Judge rejects Sioux nickname suit
Though he said he didn't want to, district Judge Michael Sturdevant on Friday sided with the State Board of Higher Education in a lawsuit involving UND's Fighting Sioux nickname.
He wrote in his opinion that he could find nothing in the settlement between the state and the NCAA that requires the board to keep the nickname and the state constitution does give the board the authority to run state universities.
Sturdevant had no choice but to dismiss the lawsuit against the state.
But then, unusual in a court order, he went on to excoriate the board for its "disingenuous" approach to the nickname issue after so much tax dollars and hope had been invested in the settlement process.
Nickname supporters from the Spirit Lake Dakotah Nation were one of those hopeful, and they filed suit when it appeared the state board was about to change the nickname, contrary to its earlier stated intention to fight for the nickname.
The supporters' attorney, Pat Morley, said Friday that he'll appeal Sturdevant's decision to the Supreme Court.
Attorney General Wayne Stenehjem said the hurdle for Morley will be to get a stay to block the state board from changing the nickname during the appeal, and he doubts the board will want to let that happen without a fight.
The settlement in November 2007 was the end result of a lawsuit the state filed against the NCAA, which threatened to sanction UND because the athletic association considers American Indian nicknames offensive. Both sides agree to give UND until Nov. 30, 2010, to win the support of both the state's Sioux tribes.
Earlier this year, the state board imposed a series of deadlines, the last one ending Oct. 31, because UND wants to apply to the Summit League, and that athletic conference wants the nickname issue settled before it even considers the application.
That's when the Spirit Lake nickname supporters sued the state board. Their tribe had voted by 67 percent to approve the nickname, and they wanted to buy time for compatriots at the Standing Rock Sioux Tribe.
The lawsuit has so far bought them at least a month. Some state board members had indicated the board was on the verge of retiring the nickname at its Nov. 19 meeting in Minot. The lawsuit and the accompanying restraining order got in the way of that.

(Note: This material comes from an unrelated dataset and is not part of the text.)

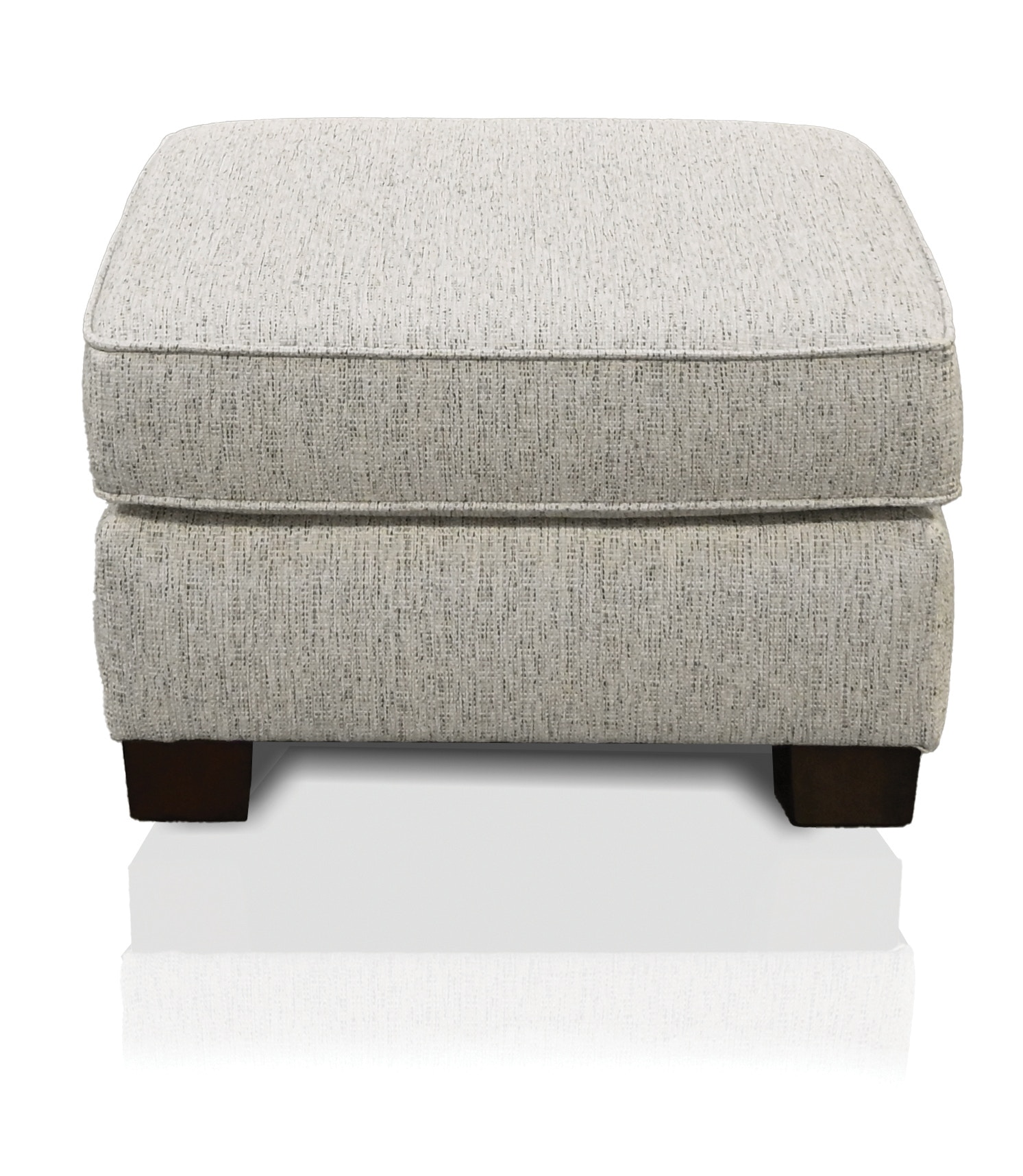 England Living Room Nola Ottoman 3N07 - England Furniture - New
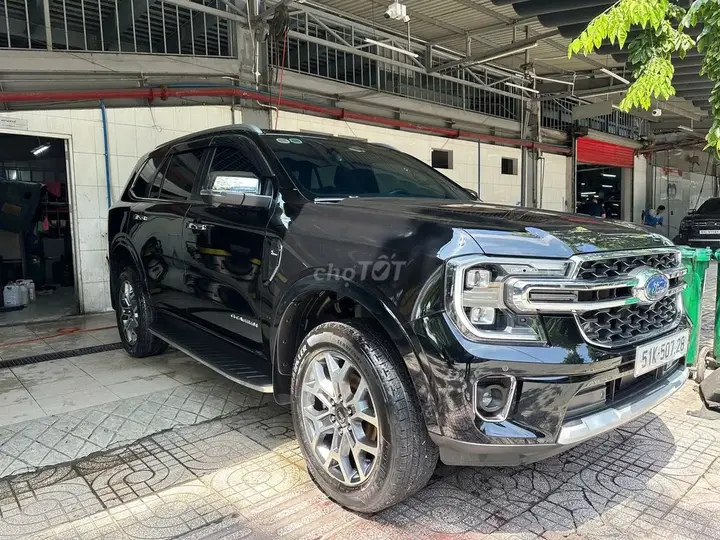 Ford Everest 2022 photo 3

The board has already held its monthly meeting Dec. 17 so, barring a special session, won't have the opportunity to take action on the nickname until January's monthly meeting.
Still, it's not immediately clear that the board can do that without the judge's permission.
Sturdevant's opinion, in recounting the legal process that led up to the ruling, starting with the temporary restraining order he signed Nov. 9, ambiguously stated: "This temporary restraining order has continued to be in effect."
Morley said a separate order lifting that order is needed, but Stenehjem said he doesn't think so because such an order has to be underlain with a lawsuit and the lawsuit's been dismissed.
In the meantime, Morley will have about 30 days to file the appeal.
Typically, he said, it takes the Supreme Court six to nine months from the time the notice of appeal is filed to the time it issues an opinion, but in cases where a restraining order is involved the court tends to shorten that to about three months.
The arguments in the case are as follows:
According to the plaintiffs, they, as North Dakota Sioux people, are party to the settlement even though they're not signatories because the state has to seek their permission to keep the nickname. Losing the nickname, they said, would harm them because having a tie to UND gives them a platform to popularize Sioux history and heritage.
They claim the deadline in the settlement doesn't allow the state board to change the nickname early because, as parties to the settlement, they'd counted on the Nov. 30, 2010, deadline in their struggle to win tribal approval.
The state argued for a more-or-less literal reading of the settlement, which means it's an agreement between just two entities, the NCAA and the state. It also means there is no way to read the settlement as forbidding the board from retiring the nickname early.
Simply put, the settlement requires the consent of the Sioux tribes to keep the nickname, but nothing is required to drop it.
Judge Sturdevant ruled that Sioux people do have standing to sue in this case. But he had to agree the settlement gives the board the right to retire the nickname early and, even if it had not, the board still had the constitutional authority to do so, and the constitution would've trumped the settlement.
Nevertheless, he was at pains to express how much he hated to take that position.
"The undersigned would have candidly preferred a different result," he wrote of himself.
Sturdevant went on to say that "a substantial sum of taxpayers' dollars together with public resources were invested in the litigation against the NCAA" and, with that, "the plaintiffs and an untold number of the Fighting Sioux constituency believed that it was safe to assume the board would seize upon the opportunity to preserve an honored tradition."
Instead, he wrote, minutes of board meetings submitted by the plaintiffs "indicate a disingenuous change of heart that is perplexing."
Stenehjem, who was involved in the lawsuit against the NCAA and remains a nickname supporter, said he agrees with the judge's praise of the plaintiffs and of his critique that a lot of money has been spent, but the case wasn't about those things.
"The bottom line for the ruling is basically what we had indicated our filing," he said.
"Like it or not, the Board of Higher Education has the authority to regulate and oversee all the operations of the institutions of higher education and that includes the determination of what nicknames and logos are appropriate."